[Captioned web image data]
★ ★ ★
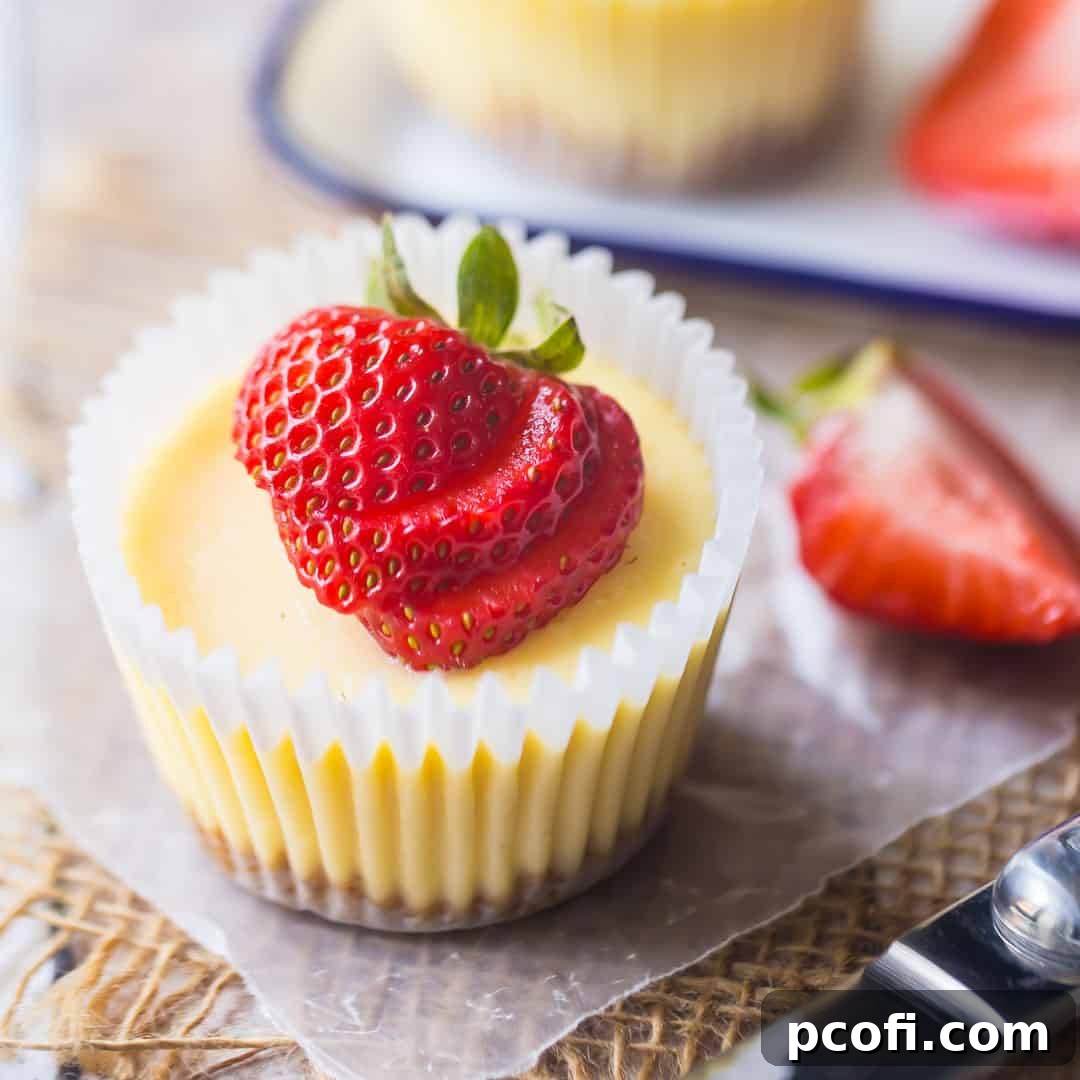 Charming individual mini cheesecakes, baked in a cupcake pan, with a graham cracker crust and a fresh strawberry garnish.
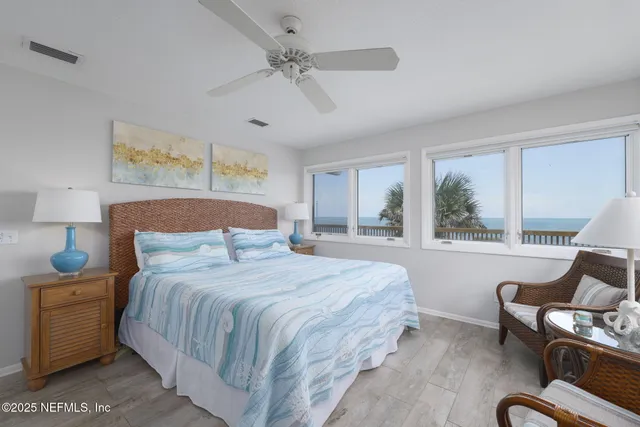 a bedroom with a large bed and a couch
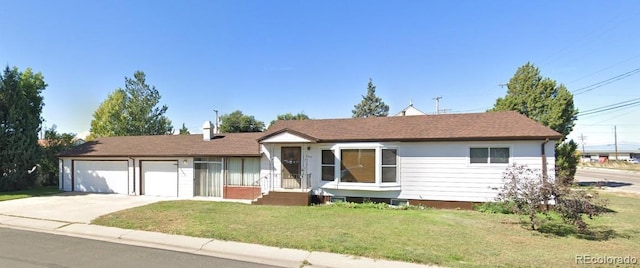 609 S 1st Ave, Brighton, CO 80601 - ranch-style home featuring a garage, concrete driveway, and a front lawn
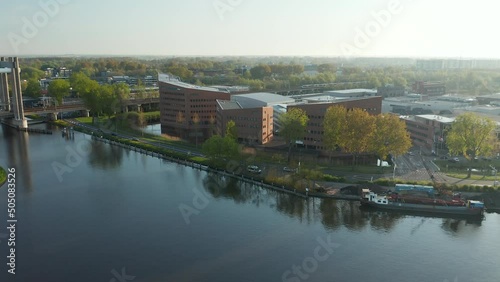 Pristine Riverbank And Contemporary Business Center Of Zuidelijk Halfrond Province With View Of Train Bridge In Gouda, Netherlands. Wide Aerial photo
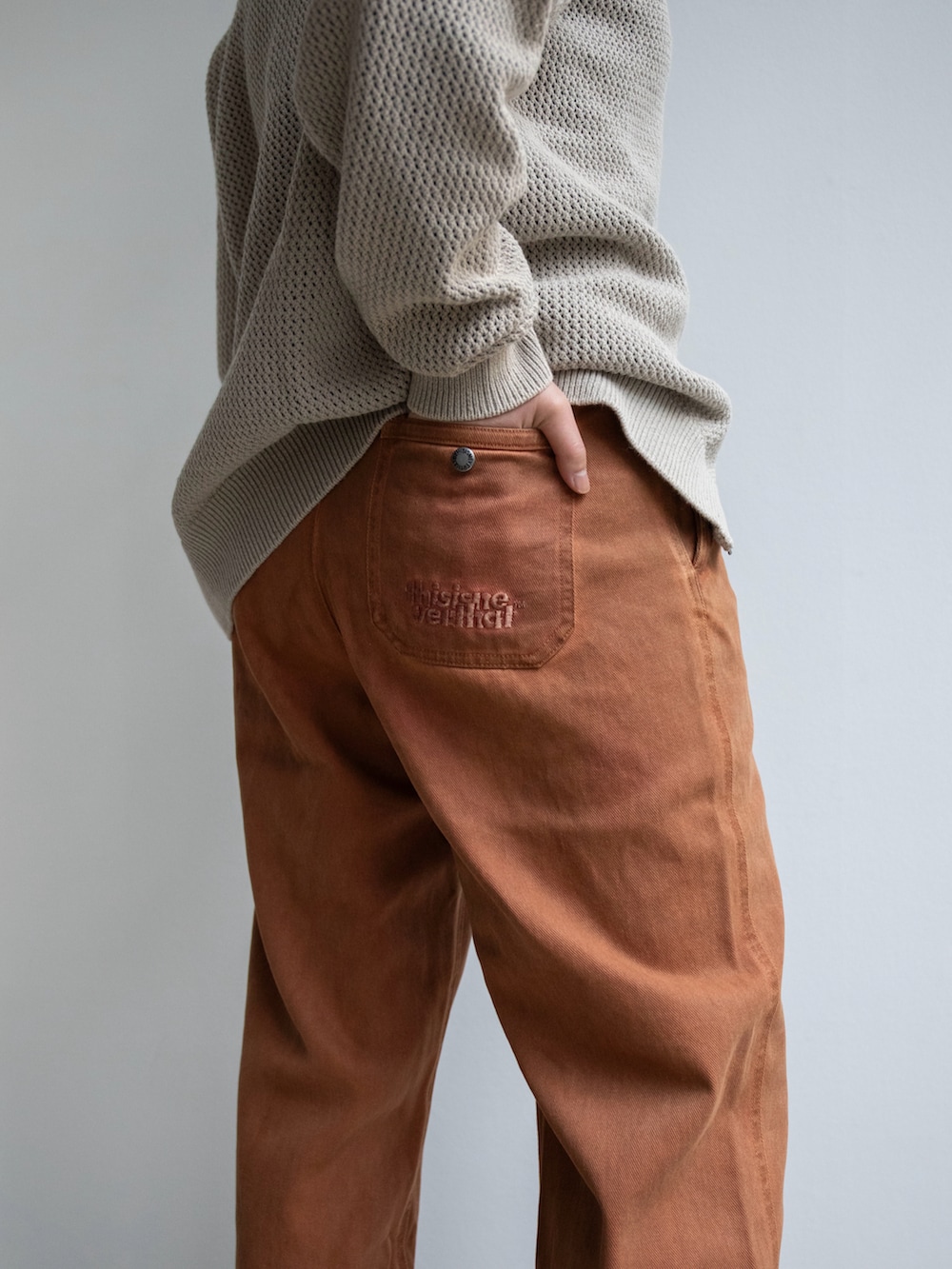 オレンジ系のその他パンツ、ベージュ系のカーディガン/ボレロを着用したレディースの冬コーディネートの3枚目の写真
★ ★ ★
### YOUR GOAL
Nothing but an exact copy belongs in the answer: the lines from the top of the records through the line containing "Pristine Riverbank And", minus the pictures.

### ANSWER SPACE
 Charming individual mini cheesecakes, baked in a cupcake pan, with a graham cracker crust and a fresh strawberry garnish.
 a bedroom with a large bed and a couch
 609 S 1st Ave, Brighton, CO 80601 - ranch-style home featuring a garage, concrete driveway, and a front lawn
 Pristine Riverbank And Contemporary Business Center Of Zuidelijk Halfrond Province With View Of Train Bridge In Gouda, Netherlands. Wide Aerial photo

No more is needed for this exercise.